══ GIVEN DATA

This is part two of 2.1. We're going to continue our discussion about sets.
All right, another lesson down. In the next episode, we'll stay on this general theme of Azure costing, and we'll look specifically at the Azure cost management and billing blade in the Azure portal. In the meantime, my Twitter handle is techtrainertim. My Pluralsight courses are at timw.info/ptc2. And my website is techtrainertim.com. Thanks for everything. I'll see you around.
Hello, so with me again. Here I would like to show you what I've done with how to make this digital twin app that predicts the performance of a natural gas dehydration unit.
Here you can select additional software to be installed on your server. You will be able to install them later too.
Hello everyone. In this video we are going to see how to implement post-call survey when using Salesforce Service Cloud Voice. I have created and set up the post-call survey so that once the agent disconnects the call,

════
══ GIVEN DATA

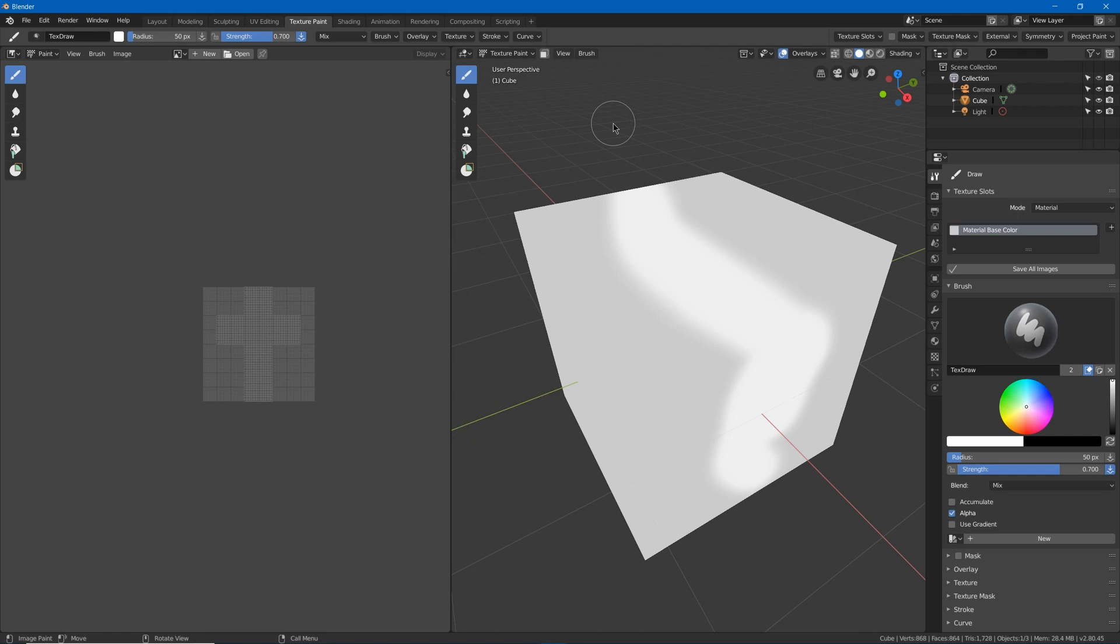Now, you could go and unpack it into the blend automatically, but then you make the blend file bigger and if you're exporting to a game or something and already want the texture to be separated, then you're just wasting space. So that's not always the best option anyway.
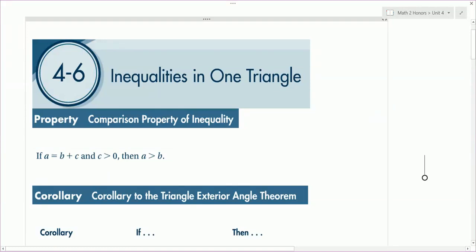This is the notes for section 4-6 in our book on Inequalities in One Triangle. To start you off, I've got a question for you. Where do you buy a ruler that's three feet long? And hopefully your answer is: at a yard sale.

════
══ GIVEN DATA

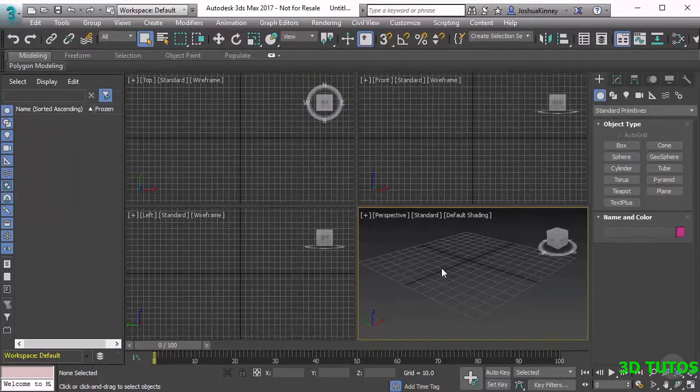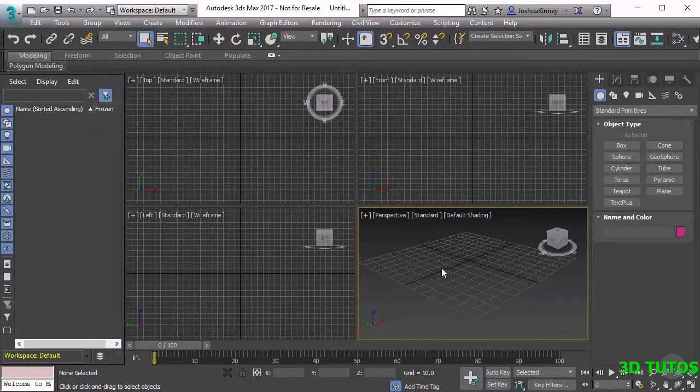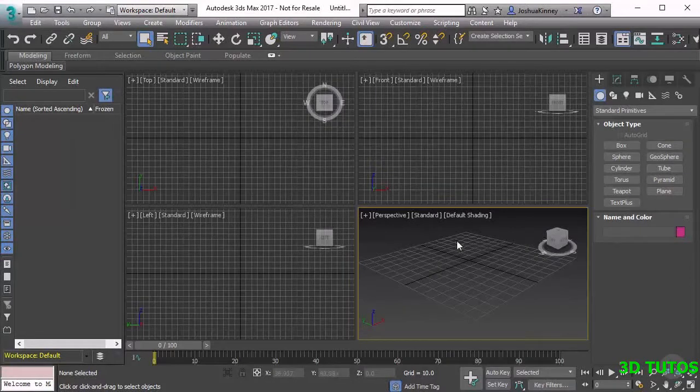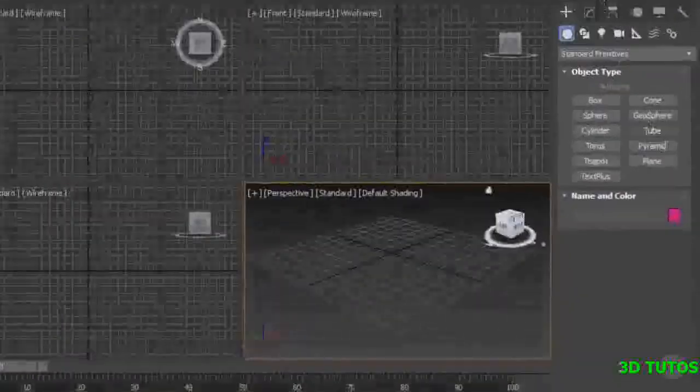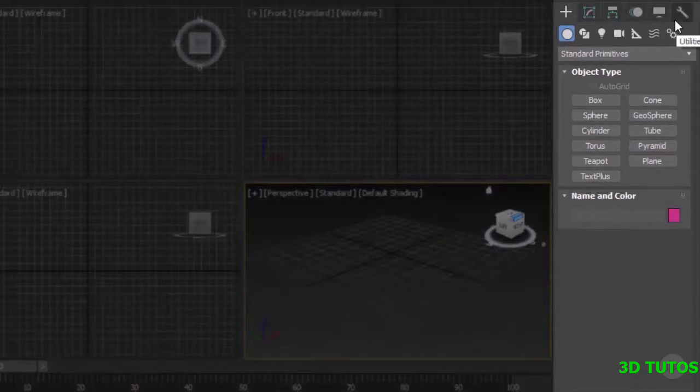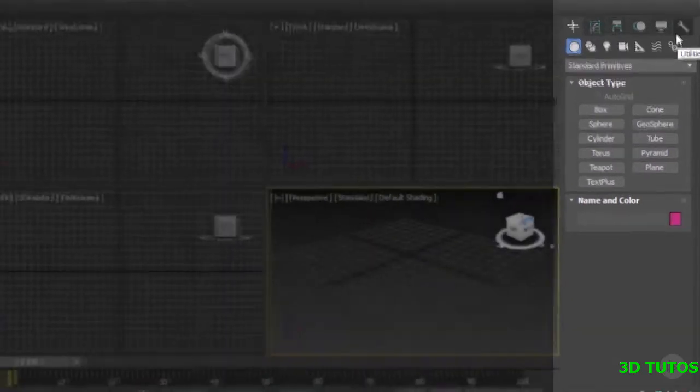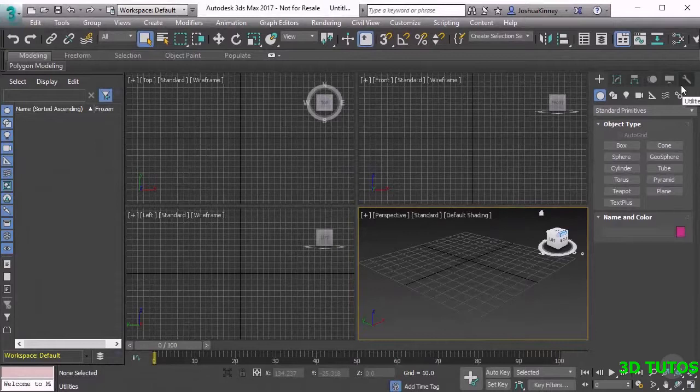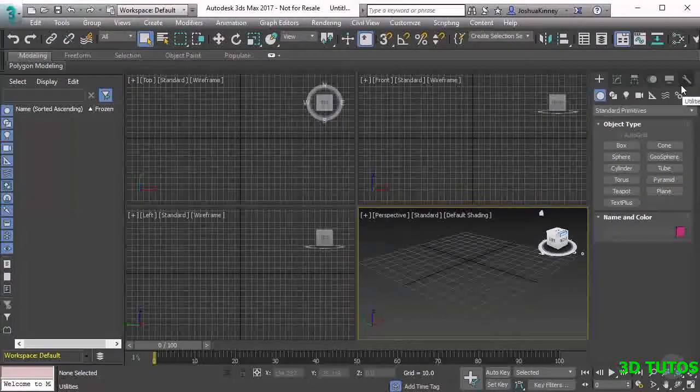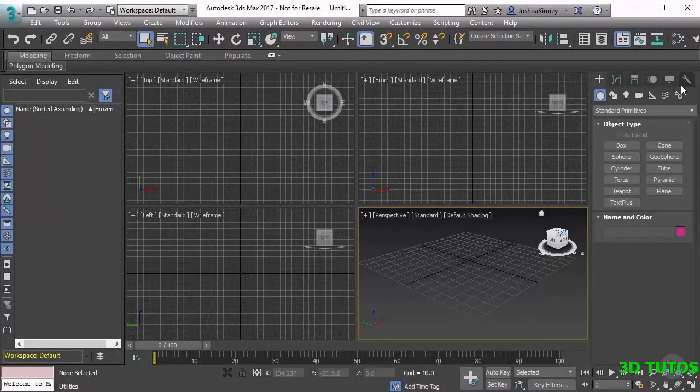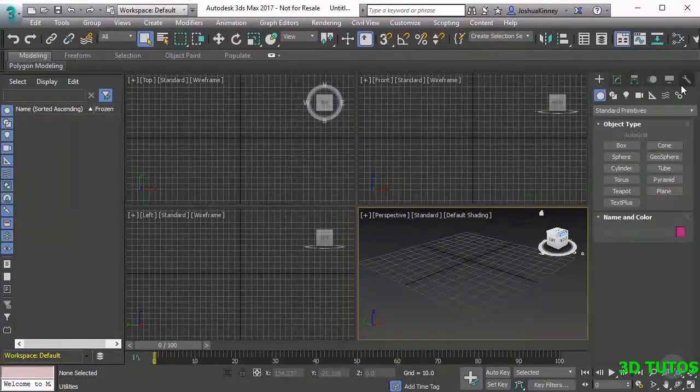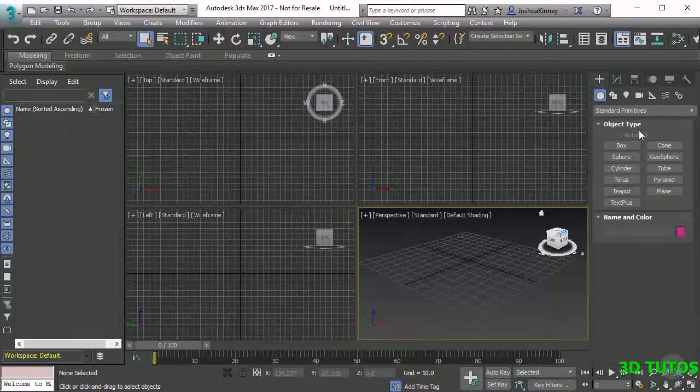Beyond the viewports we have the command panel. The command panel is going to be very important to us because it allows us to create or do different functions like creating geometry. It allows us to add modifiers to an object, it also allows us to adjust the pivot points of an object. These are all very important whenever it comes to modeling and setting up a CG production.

════

## WHAT TO WORK ON:
Retype, in the same exact form, the lines of the material above from the line holding "All right, another" through the line holding "Hello, so with".

## RESPONSE AREA:
All right, another lesson down. In the next episode, we'll stay on this general theme of Azure costing, and we'll look specifically at the Azure cost management and billing blade in the Azure portal. In the meantime, my Twitter handle is techtrainertim. My Pluralsight courses are at timw.info/ptc2. And my website is techtrainertim.com. Thanks for everything. I'll see you around.
Hello, so with me again. Here I would like to show you what I've done with how to make this digital twin app that predicts the performance of a natural gas dehydration unit.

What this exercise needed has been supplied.